Sin embargo, ambas influencias no terminan de traducirse en el terreno político. El problema no sólo reside en la falta de acuerdo entre la visión estadounidense y europea, sino que incluso en esta última las divisiones en política exterior son igualmente evidentes, en concreto, en Oriente Próximo los países de la Europa mediterránea muestran una sensibilidad de la que carecen algunos de los países del norte de Europa (Holanda, Reino Unido y Alemania), más propensos a secundar la política norteamericana. Pero la pasividad de Washington no responde al fracaso de la mediación internacional como comúnmente se cree o se reproduce mediáticamente, sino a una clara apuesta política ante la evidente primacía militar de su aliado israelí: que el conflicto siga su curso natural (militar) para posteriormente situar ventajosamente a Israel en un denominado proceso de paz que, nuevamente, intentará imponer las condiciones de rendición a la parte palestina.

HACIA UN NUEVO CICLO. Cabe, finalmente, reiterar una vez más que el cierre en falso de esta fase del conflicto no hace más que reiniciar otro nuevo ciclo, quizás no haya que esperar hasta la próxima década ni necesariamente se exprese en los mismos términos. La propia evolución del movimiento de resistencia palestino durante las dos últimas décadas puede ser un buen indicador de ello en la medida en que ha ido registrando un notable incremento de las expresiones islamistas en su seno, pese a que históricamente pasaba por ser uno de los movimientos sociopolíticos más secularizado de la región.
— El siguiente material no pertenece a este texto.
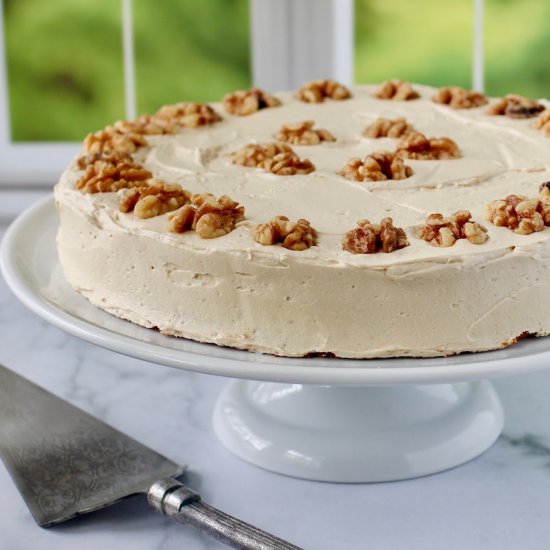 Walnut Espresso Cake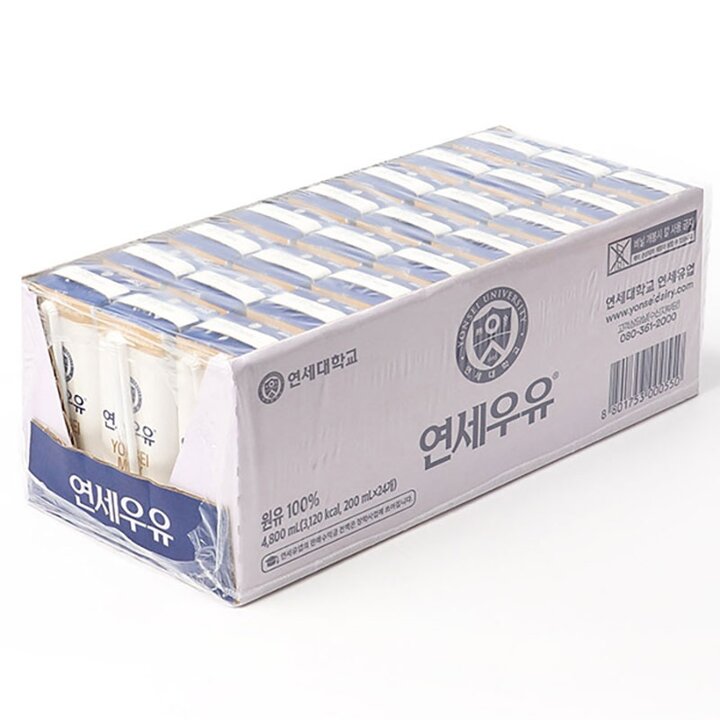 [코스트코] [연세우유]멸균 우유 200ml x 24팩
Que la cuestión palestina sea vaciada de su alto contenido nacional y nacionalista por la llamada amenaza islamista es la mejor coartada con la que cuenta, de un lado, Israel para perpetuar su ocupación militar de Palestina y, de otro lado, los EE UU para seguir brindando su apoyo incondicional a su criatura neocolonial, en especial, a partir de esta nueva etapa en las relaciones internacionales, la de la posguerra fría, para la que se auguraba el choque de civilizaciones, tesis reforzada tras el 11 de septiembre de 2001 que comienza a cobrarse sus dividendos en Oriente Próximo, donde el futuro previsible seguirá deambulando entre la guerra y la ausencia de paz.